He even managed not to wilt in the blast of Marco Pierre White's kitchen, and ego, in one of the more engaging reality shows.
Yet, from the perspective of ringside at Madison Square Garden in the early hours of Sunday morning, it was still dismaying to hear that McGuigan, back in the TV studio, had given Joe Calzaghe's defeat of Roy Jones Jnr a quite extraordinary rating.
Of course, it is true that in general there are few more generous souls than those of ex-fighters.
It is one reason why so many of them finish up broke, McGuigan, happily, proving one exception.
Yet surely there is a difference between an eagerness to give credit where it is due, and in the process disabusing anyone of the idea that old pride and the angst that can come with the ageing process has turned you into a curmudgeonly critic of all that is new, and flying so far over the top you might be in need of an oxygen mask.
For some at least McGuigan surely flirted with that latter risk when claiming that Calzaghe had not only produced a fabulous, "sublime, absolutely sublime" performance, but established as fact, that he simply gets better and better by such margins that it is amazing he should think of quitting at the age of 36.
When McGuigan says things like that you wonder whether the TV studio was located on some distant planet.
Yes, of course Joe Calzaghe showed us again a fine range of formidable gifts but at what point does McGuigan, and a growing army of cheerleaders, feed in the sad but unavoidable fact that here he was fighting the last remnants of a once sensational talent, one that had become the most poignant parody of what it had been?

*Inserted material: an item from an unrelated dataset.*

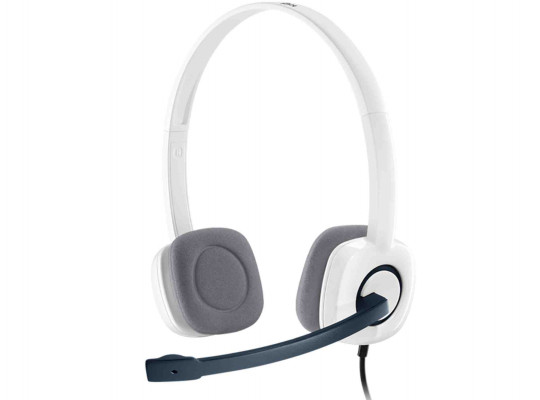 Ականջակալ LOGITECH H150 STEREO (CLOUD WHITE) (L981-000350)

By giving so generously to Joe, surely it is at a cost to the memory of such fighters as Kenny Buchanan, Lennox Lewis, Randy Turpin, John Conteh, John H Stracey, Jim Watt, Alan Minter, not to mention Sir Henry Cooper, who on one unforgettable occasion visited a left hook on Muhammad Ali which, according to the great man, shook up his kinfolk all the way back in Africa.
Closer to Calzaghe's home, there are other disservices implicit in McGuigan's extravagant praise.
Howard Winstone, who lost the end of the fingers of his right hand, was a brilliant featherweight who fought superbly against the formidably strong Vicente Saldivar.
The Welsh heavyweight Tommy Farr's campaigning in America led him to a performance so fine and durable against the great Joe Louis that it provoked the building of beacon fires of celebration.
McGuigan's blanket assessment of Calzaghe's as the greatest in British fight history also laid waste the rankings of other great men of the earlier days, when they fought to live without the bi-annual underpinning of pay-per-view millions.
Men like Jimmy Wilde, Jim Driscoll, Ted Kid Lewis and Jack Kid Berg.
No-one can really blame Calzaghe for riding his success, nor the complaints he made about his previous exclusions before winning the BBC Sports Personality of the Year award. He was right to speak up for his hard trade and his own contribution to it.
The worry is that we are now far gone in a sports culture where the headlines of today tend to obliterate the meaning of some of the greatest achievements in the history of sport, and so many of the standards they created.
Praising Joe Calzaghe, acknowledging his talent and those occasions when it was required to be fully exercised, is no hardship for anyone. But at various stages we encounter the problem of an excessive price to pay.
You cannot say that Joe Calzaghe is the best without diminishing so many who went before him. Surely, it cannot be done.